In addition to the hot-injection technique, room-temperature reprecipitation methods have also been used for the synthesis of CsPbX₃ NCs of different morphologies. For instance, Huang et al.⁴⁹ reported the emulsion-based synthesis of perovskite NCs (both hybrid and all-inorganic) at room temperature. In a recent report Li et al.⁶⁴ showed that CsPbX₃ NCs can be synthesized at room temperature, similar to the LARP method used for the MAPbX₃ system. Manna and colleagues⁶⁵ have demonstrated the synthesis of quantum-confined CsPbBr₃ nanoplatelets at room temperature. They have shown that anisotropic growth leads to the formation of nanoplatelets at room temperature through the injection of acetone in a mixture of precursor. The low growth temperature facilitates the control of the plate thickness down to three monolayers. In addition, it was shown by Sun et al.²⁶ that the shape of the NCs could be controlled using different ligand molecules. In this regard, CsPbX₃ NCs of different shapes such as spherical dots, nanocubes, nanorods and nanoplatelets were prepared by using different organic acids and amine ligands; however, the growth mechanism was not discussed.
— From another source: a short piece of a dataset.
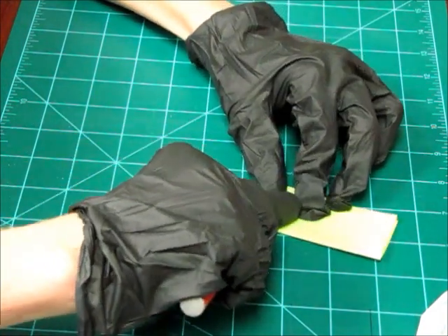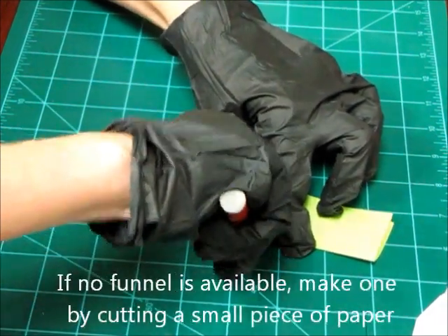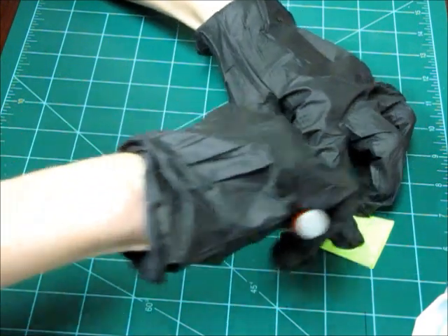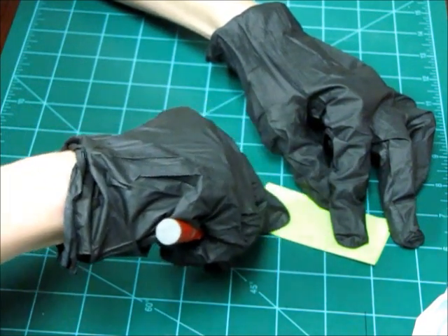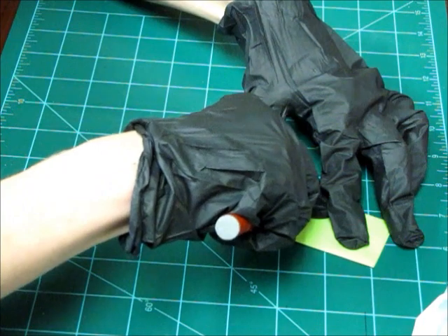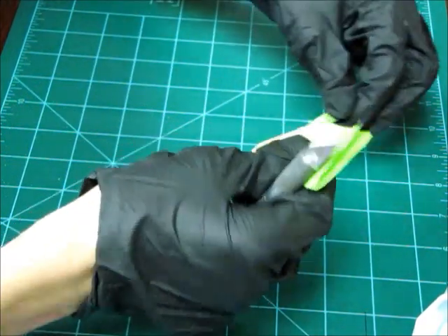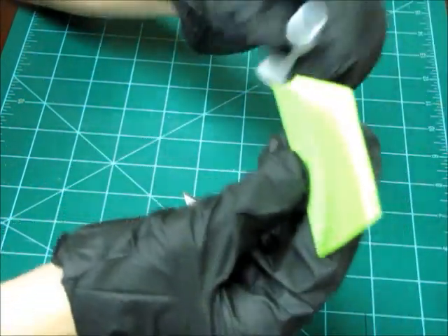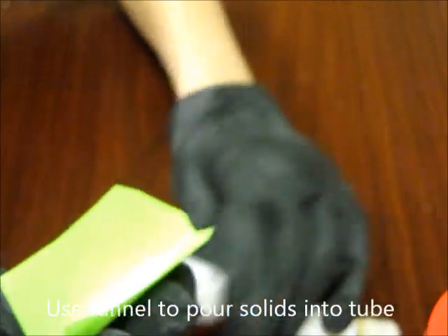The best method for inserting solids into the tube is a funnel. If no funnel is available, you can make one by cutting a small piece of paper as shown here. As you can see, a simple folded paper is the right size to fill our tube. You then use the funnel to pour the solids directly into the second chamber of the tube.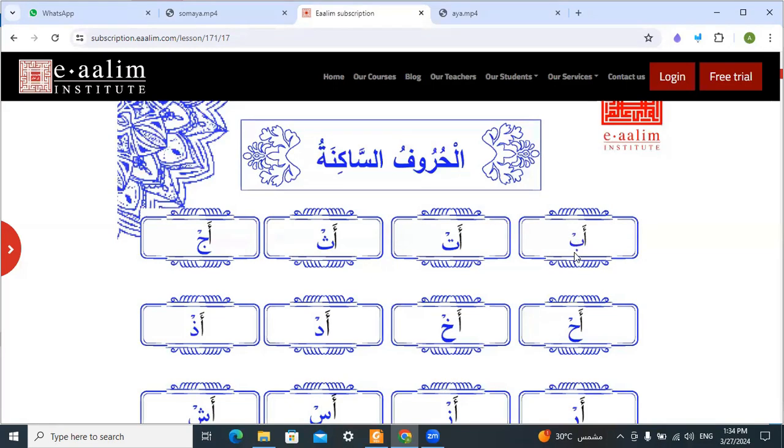And this is on the top of this letter — the sign of سكون. How can we do this سكون?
The room-temperature solution-phase synthesis of nanoplatelets can be easily scaled up as shown by Yu and colleagues.⁶⁶ Driven by the wish to replace the toxic lead, Jellicoe et al. synthesized CsSnX₃ perovskite NCs, with optical properties tunable both by quantum confinement and halide composition.⁶⁷ The overview of reported studies clearly suggests that reaction temperature and the choice of ligands play a vital role in determining the dimensionality and size of colloidal metal halide perovskite NCs. In general, low reaction temperatures and high ligand concentrations favor anisotropic growth, mainly producing nanoplatelets with controlled thickness and lateral sizes.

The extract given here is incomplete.